From the entries, filter out every line that lacks "Sleep" and copy the rest.
######
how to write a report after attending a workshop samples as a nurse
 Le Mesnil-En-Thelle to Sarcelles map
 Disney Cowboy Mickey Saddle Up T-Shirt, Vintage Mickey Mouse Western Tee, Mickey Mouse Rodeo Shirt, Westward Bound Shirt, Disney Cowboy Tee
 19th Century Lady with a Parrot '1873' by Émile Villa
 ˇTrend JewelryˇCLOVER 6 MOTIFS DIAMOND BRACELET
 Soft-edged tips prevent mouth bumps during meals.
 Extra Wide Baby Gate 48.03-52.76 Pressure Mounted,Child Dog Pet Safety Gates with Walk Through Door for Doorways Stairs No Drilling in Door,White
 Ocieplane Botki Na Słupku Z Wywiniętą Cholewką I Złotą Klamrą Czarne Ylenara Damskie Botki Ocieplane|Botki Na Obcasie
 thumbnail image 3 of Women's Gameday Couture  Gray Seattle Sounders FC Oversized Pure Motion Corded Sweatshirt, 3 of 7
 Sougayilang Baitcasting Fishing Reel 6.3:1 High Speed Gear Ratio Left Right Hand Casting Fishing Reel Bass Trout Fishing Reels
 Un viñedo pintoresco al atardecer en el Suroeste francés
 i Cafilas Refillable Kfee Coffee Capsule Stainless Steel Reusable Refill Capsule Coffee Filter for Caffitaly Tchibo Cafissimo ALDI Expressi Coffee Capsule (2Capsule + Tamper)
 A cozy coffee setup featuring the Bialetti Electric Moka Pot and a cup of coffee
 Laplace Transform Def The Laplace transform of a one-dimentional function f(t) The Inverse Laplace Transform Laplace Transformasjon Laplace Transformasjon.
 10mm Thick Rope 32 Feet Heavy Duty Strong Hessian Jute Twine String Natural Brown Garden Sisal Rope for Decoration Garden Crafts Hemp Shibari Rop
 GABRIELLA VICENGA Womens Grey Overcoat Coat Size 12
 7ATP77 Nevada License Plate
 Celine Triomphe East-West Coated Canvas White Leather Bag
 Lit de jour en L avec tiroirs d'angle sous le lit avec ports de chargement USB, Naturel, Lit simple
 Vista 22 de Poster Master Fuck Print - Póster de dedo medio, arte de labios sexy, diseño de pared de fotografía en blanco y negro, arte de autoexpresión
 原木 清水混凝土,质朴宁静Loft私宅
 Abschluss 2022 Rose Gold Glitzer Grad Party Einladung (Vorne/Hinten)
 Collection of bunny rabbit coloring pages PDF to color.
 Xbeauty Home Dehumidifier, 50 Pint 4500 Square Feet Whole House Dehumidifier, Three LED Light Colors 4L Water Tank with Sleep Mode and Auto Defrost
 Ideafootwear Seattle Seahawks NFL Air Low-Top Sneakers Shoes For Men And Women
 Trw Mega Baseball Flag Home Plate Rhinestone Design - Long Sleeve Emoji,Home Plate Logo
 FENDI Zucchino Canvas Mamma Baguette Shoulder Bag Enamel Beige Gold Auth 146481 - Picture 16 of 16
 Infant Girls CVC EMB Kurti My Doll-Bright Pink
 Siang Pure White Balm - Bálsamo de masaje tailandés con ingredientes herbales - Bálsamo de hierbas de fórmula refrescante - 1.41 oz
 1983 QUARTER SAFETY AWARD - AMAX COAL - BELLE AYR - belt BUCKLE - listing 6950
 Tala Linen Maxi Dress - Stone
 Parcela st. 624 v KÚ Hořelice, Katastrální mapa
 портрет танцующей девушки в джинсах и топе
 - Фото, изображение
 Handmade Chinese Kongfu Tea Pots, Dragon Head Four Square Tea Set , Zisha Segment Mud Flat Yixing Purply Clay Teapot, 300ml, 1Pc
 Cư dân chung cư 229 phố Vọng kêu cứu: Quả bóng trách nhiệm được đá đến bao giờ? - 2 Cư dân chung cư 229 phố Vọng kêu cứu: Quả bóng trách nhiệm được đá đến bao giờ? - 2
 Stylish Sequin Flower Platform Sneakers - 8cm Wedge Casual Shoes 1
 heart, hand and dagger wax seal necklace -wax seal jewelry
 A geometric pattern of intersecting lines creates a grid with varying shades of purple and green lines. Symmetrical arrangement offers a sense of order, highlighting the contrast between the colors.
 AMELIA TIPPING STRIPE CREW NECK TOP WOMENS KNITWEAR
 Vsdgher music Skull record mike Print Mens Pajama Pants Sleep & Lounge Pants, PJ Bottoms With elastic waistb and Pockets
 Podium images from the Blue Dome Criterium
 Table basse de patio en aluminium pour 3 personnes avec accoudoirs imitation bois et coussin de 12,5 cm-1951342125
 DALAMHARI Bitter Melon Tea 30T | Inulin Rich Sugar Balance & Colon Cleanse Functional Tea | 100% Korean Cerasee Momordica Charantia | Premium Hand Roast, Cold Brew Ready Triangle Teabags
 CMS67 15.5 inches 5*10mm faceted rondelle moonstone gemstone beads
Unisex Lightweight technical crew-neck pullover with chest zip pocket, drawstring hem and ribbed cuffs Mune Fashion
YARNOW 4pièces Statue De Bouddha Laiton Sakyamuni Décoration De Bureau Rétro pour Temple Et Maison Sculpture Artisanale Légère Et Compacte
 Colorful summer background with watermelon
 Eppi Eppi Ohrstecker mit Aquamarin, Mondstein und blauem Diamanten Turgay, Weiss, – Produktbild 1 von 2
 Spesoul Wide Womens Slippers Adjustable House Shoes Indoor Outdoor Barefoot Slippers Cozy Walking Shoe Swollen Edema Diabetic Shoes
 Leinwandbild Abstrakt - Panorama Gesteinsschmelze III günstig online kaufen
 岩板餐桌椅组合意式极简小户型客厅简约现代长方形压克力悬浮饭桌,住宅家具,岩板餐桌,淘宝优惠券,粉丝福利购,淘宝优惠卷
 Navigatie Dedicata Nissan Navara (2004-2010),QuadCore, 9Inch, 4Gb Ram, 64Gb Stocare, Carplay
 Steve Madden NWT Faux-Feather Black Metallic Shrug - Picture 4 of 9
######
**ANSWER SPACE**.
 Xbeauty Home Dehumidifier, 50 Pint 4500 Square Feet Whole House Dehumidifier, Three LED Light Colors 4L Water Tank with Sleep Mode and Auto Defrost
 Vsdgher music Skull record mike Print Mens Pajama Pants Sleep & Lounge Pants, PJ Bottoms With elastic waistb and Pockets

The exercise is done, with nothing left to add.